At least that seemed to be the sentiment inside the Royal Oak Music Theatre in Royal Oak, Michigan, as the band took the stage and the all-ages crowd of punks, immigrants, large drunk men, and women in brightly colored scarves left the drinks they had been drinking, or the jigs they had been dancing, to crowd tightly against the stage.

The opening they heard were the bold first lines of song “Ultimate,” a song with a solid Gogol Bordello-esque take on the world: “There were never any good old days — they are today, they are tomorrow.” The words were sung by Eugene Hutz, and as the violin and accordion melodies resonated and the song kicked into its faster, punk-rock second half, the crowd’s attention was first and foremost on the lanky, goofy-eyed frontman with an absurdly large mustache. The undisputed master of ceremonies, Hutz’s condition alternated between high energy and crazy-high energy, his gold medallions swinging throughout.
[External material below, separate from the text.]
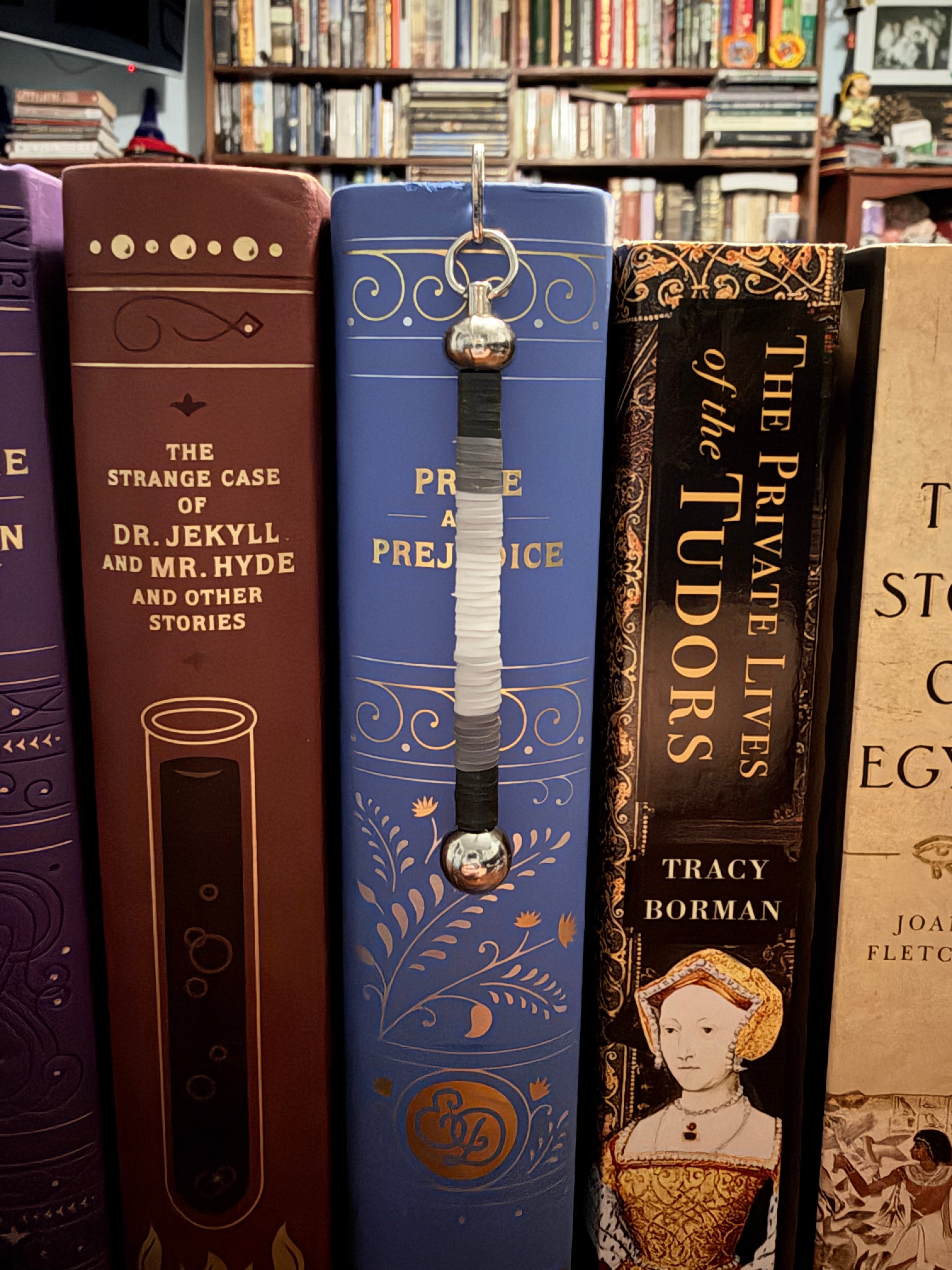 A close-up of a decorative book spine bookmark hanging from a ring on a blue book in a library or bookstore setting, surrounded by other books.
In “Supertheory of Supereverything,” a quasi-intellectual song disguised as a super-goofy polka, Hutz sang, “First time I had read the Bible, it had struck me as unwitty. I think it may started rumor that the Lord ain’t got no humor.” The crowd responded by both shouting the refrain and jumping up and down as a seemingly single unit.

Even more than jumping was the amount of crowd surfing, and there probably isn’t a band that encourages it more than Gogol Bordello — there was at least one band member at the very edge of the stage at any given time. During a particularly high point of “Think Locally, Fuck Globally,” for instance, back up singers and dancers Elizabeth Sun and Pamela Racine appeared with cymbals and a giant bass drum and proceeded to play them in the faces of those in the front row.
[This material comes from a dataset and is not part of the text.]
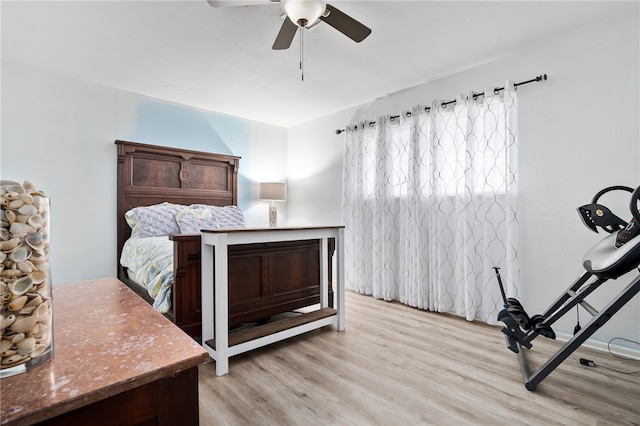 bedroom featuring ceiling fan and light hardwood / wood-style flooring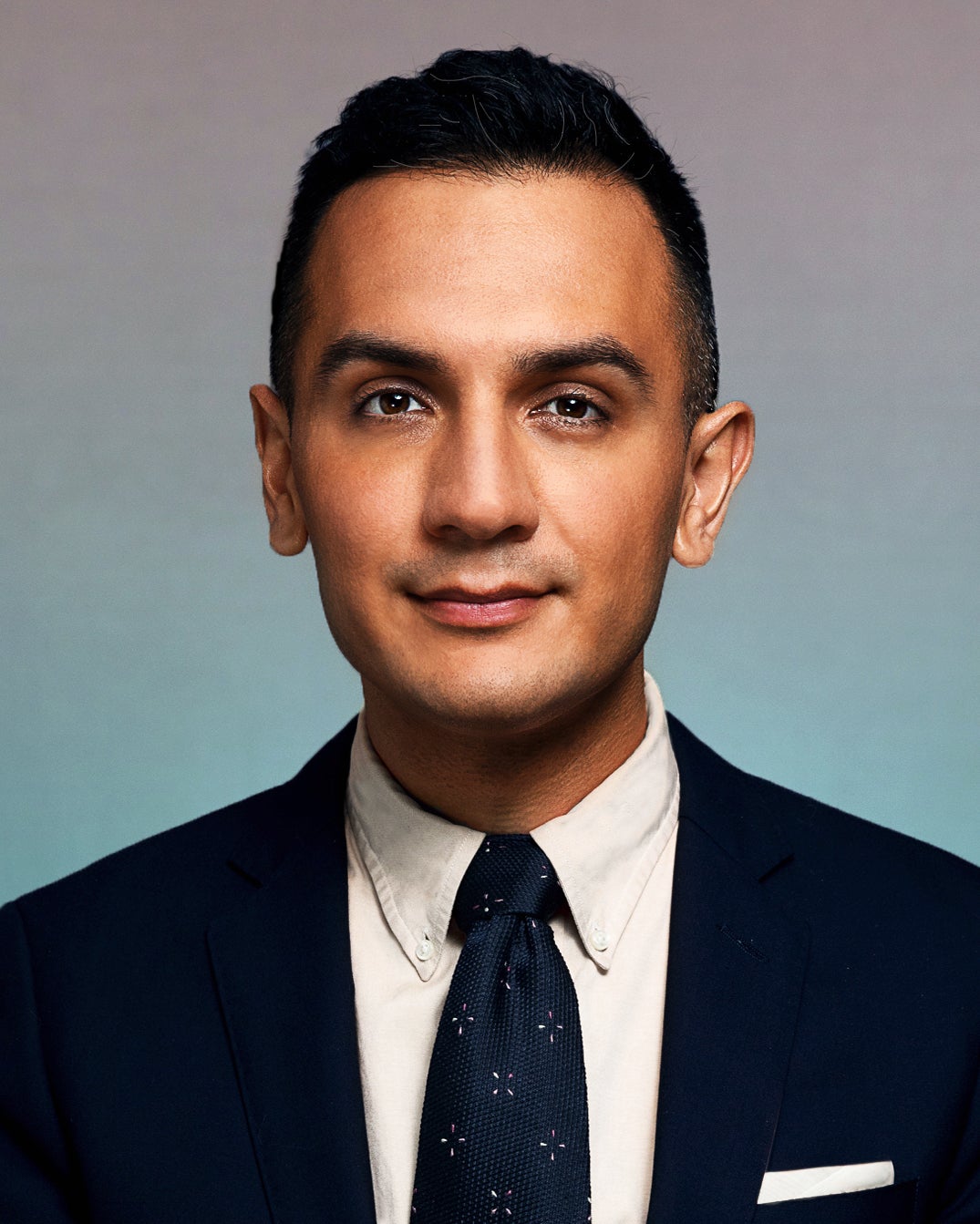 Image of a man in a black suit and tie with white shirt and pocket square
There also were some calm moments, such as the few times Hutz actually stopped to speak to the crowd. “This is for the Ukrainian population of Michigan,” he said, before the band began to play “Suddenly… (I Miss Carpaty),” a song with lyrics that switch from English to Ukrainian to Russian, telling the story of a necrophile. Hutz danced as Yuri Lemeshev’s accordion raced, and the crowd — perhaps in part from the in-house Ukrainians — escalated back to its frenzied state.
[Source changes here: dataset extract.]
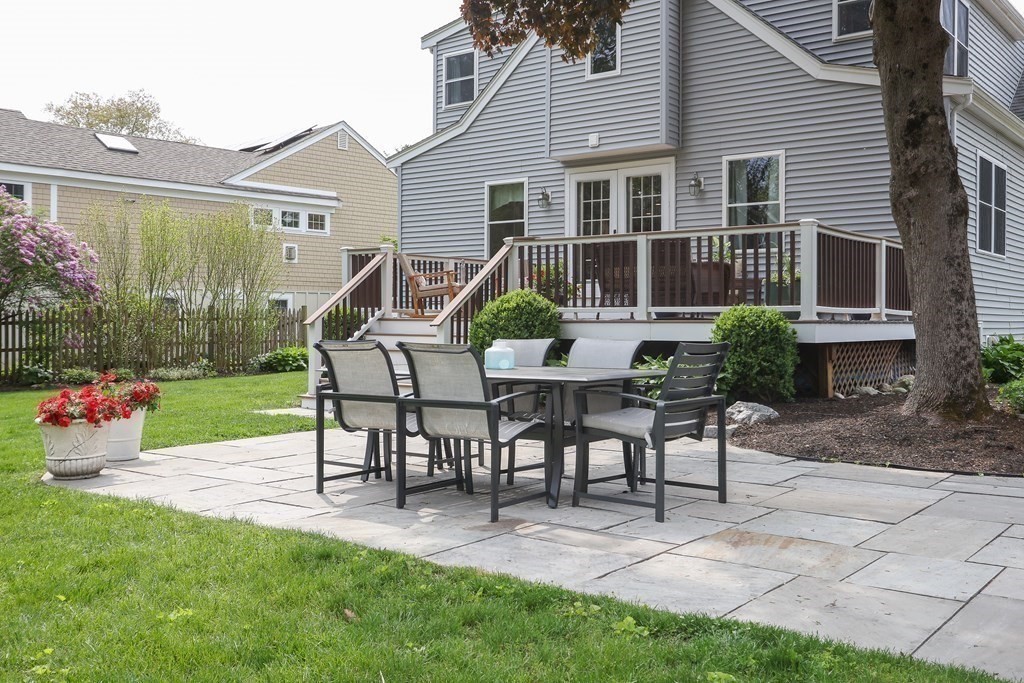 18 Moore Street Natick, MA 01760 - Photo 34 of 42 a view of a house with backyard sitting area and garden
In fact, much of the performance resembled a guttural, impassioned tribute to almost everything — Besides lame wedding receptions, they are definitely against those. “Have you ever been to American wedding? Where’s the vodka? Where’s the marinated herring? Where’s the supply that’s gonna last three days?” Hutz sang during “American Wedding.”

The plea — that people should be partying harder and longer — seemed to apply to the situation in front of him as well. Hutz’s gypsy punks rode out the set past what felt like the normal ending time, to the fourth, fifth, and sixth songs of their encore; until everyone was drenched in sweat, until it felt like no more dancing could be done, or “Hey”s could be yelled. In the increasingly intense concert-hall floor, Gogol Bordello showed the crowd that it not only could go for more, but that it felt great when it did. In the last chants of the last song the band played, everyone was still with it.

“Love is a voice of a savage soul. This savage love is undestructable,” Hutz sang.
Gogol fans new and old — all still going strong — screamed back in agreement.